WORK TASK :: Find, in the records below, the line that contains "гашишное масло Кулебаки" and the line that contains "原地超慢跑按摩脚垫指压板足底按摩垫慢跑磁石按摩舒筋活络". Copy those two lines and everything between them exactly, but not the pictures.

RECORDS SUPPLIED ::
== Segment start ==

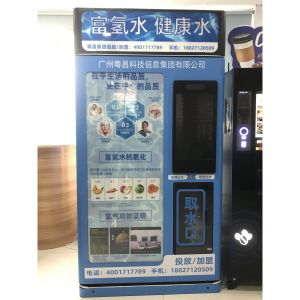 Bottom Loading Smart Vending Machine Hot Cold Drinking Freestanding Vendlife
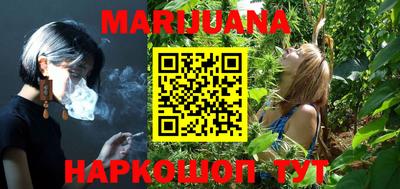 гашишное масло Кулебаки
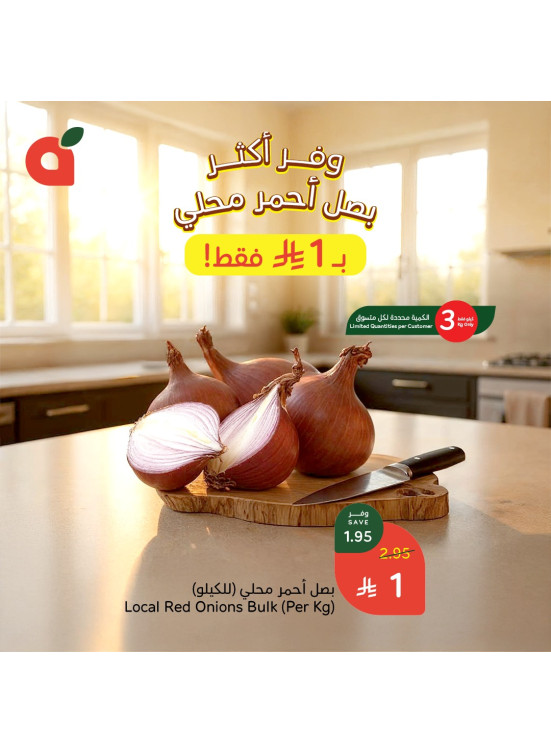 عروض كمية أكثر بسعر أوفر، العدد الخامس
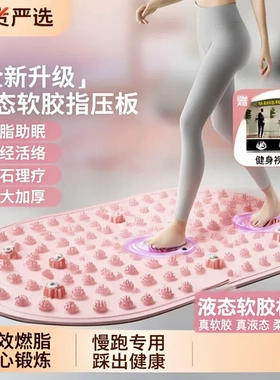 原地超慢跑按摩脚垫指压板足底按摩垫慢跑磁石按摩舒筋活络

== Segment end ==
== Segment start ==

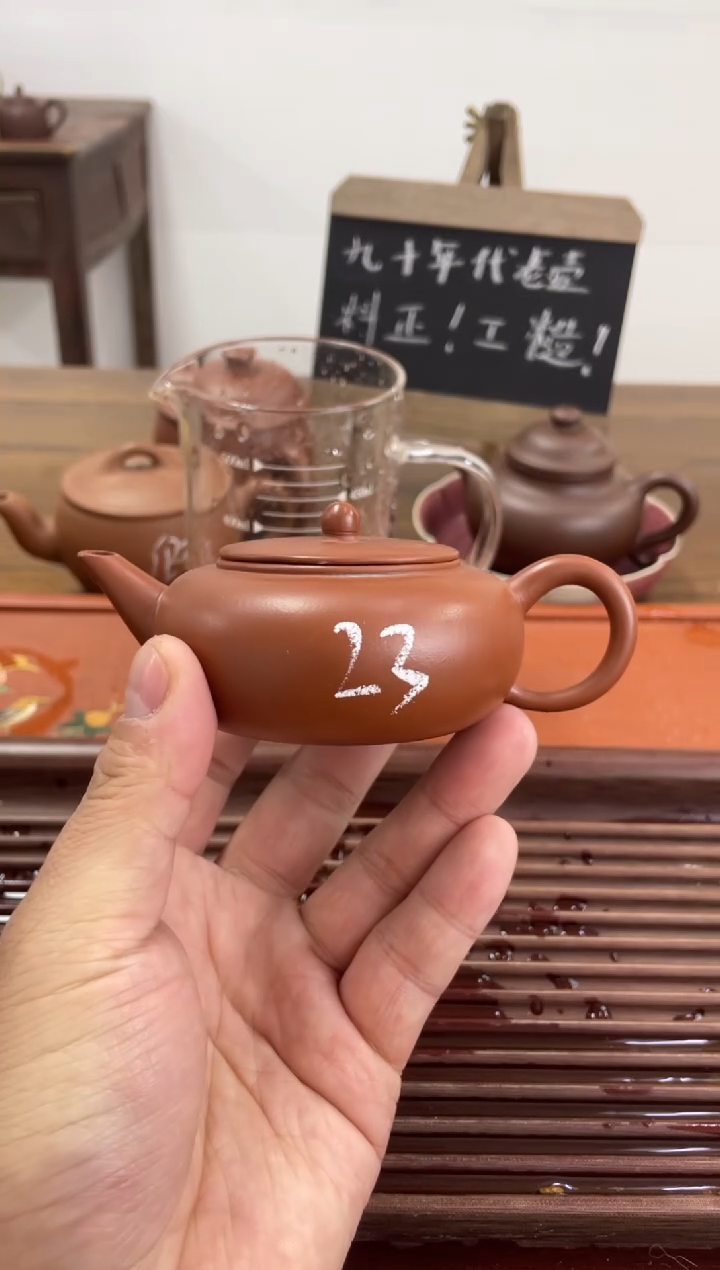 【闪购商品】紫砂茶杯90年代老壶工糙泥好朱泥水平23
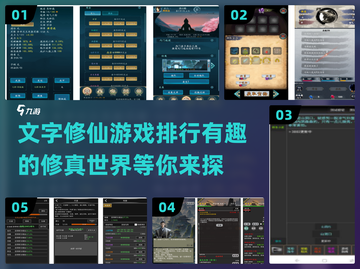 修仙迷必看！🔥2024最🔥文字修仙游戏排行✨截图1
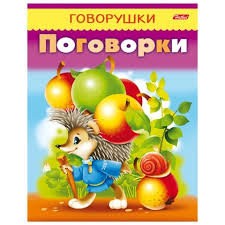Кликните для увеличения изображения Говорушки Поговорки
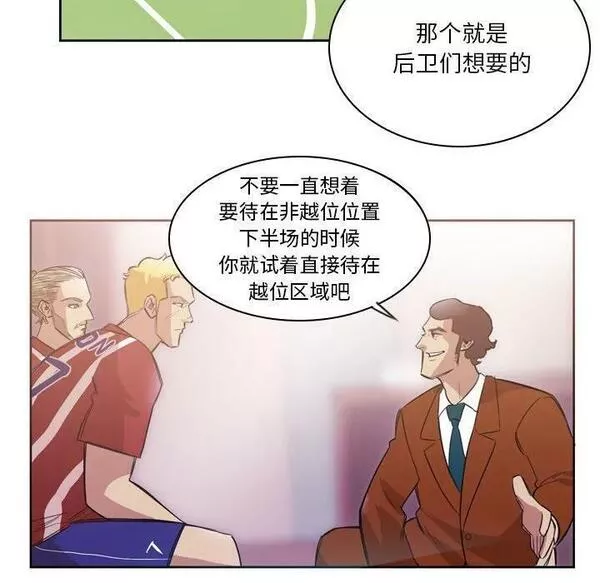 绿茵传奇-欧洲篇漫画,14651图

== Segment end ==

REPLY TO THE EXERCISE ::
 гашишное масло Кулебаки
 عروض كمية أكثر بسعر أوفر، العدد الخامس
 原地超慢跑按摩脚垫指压板足底按摩垫慢跑磁石按摩舒筋活络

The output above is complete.